## ACTION ITEM
Keep the pictures out while you transcribe the listing below exactly.

## RAW DATA
● ● ● ● ●
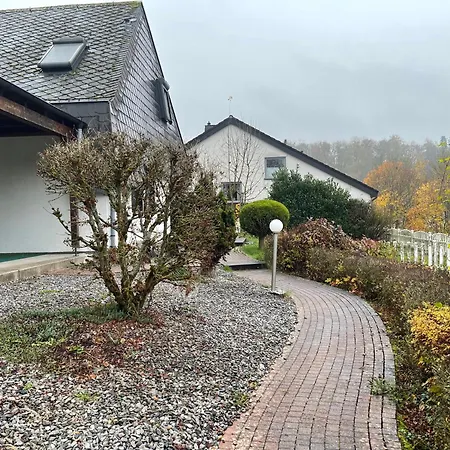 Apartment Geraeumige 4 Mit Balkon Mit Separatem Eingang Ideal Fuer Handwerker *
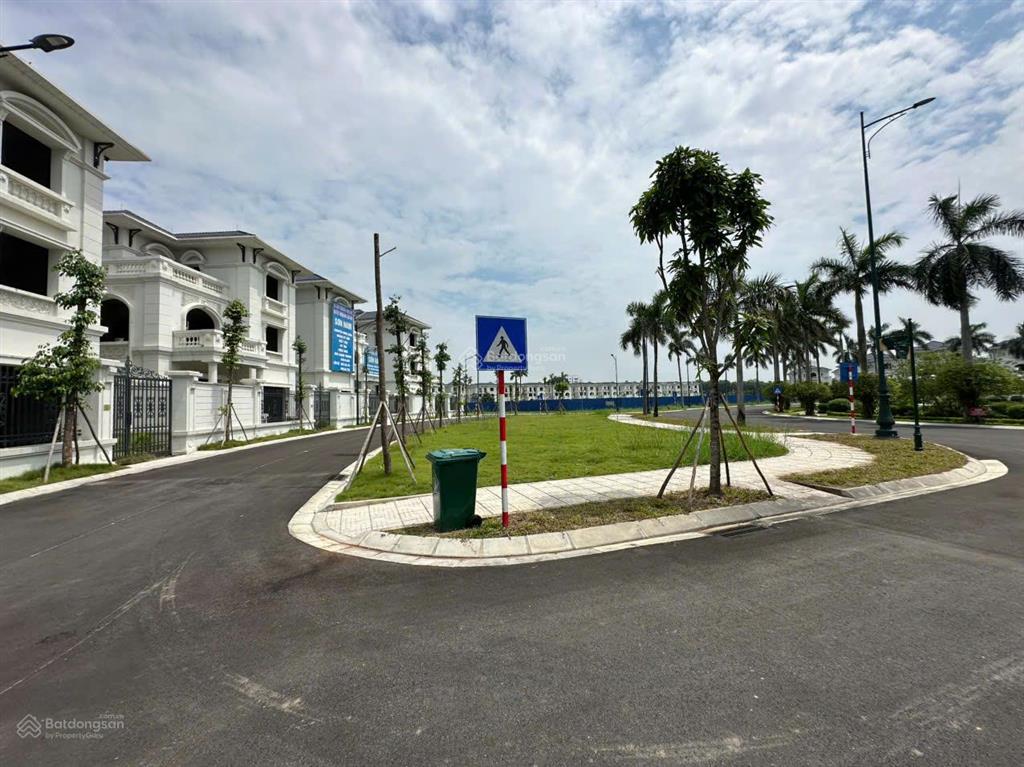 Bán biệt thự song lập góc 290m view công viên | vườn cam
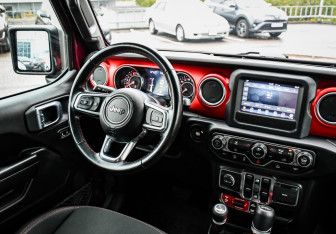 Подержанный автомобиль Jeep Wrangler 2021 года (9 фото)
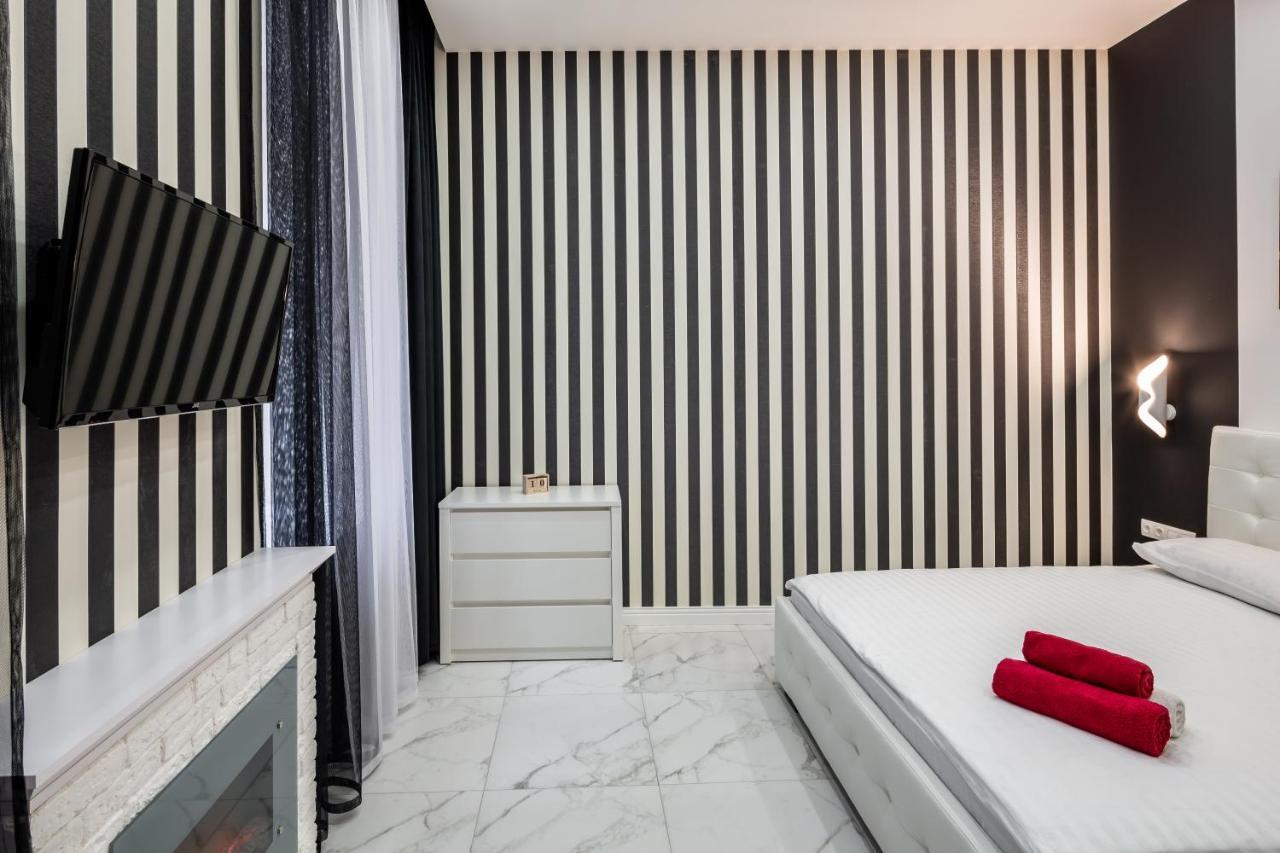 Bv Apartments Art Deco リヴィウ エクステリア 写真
● ● ● ● ●
## THE ANSWER
 Apartment Geraeumige 4 Mit Balkon Mit Separatem Eingang Ideal Fuer Handwerker *
 Bán biệt thự song lập góc 290m view công viên | vườn cam
 Подержанный автомобиль Jeep Wrangler 2021 года (9 фото)
 Bv Apartments Art Deco リヴィウ エクステリア 写真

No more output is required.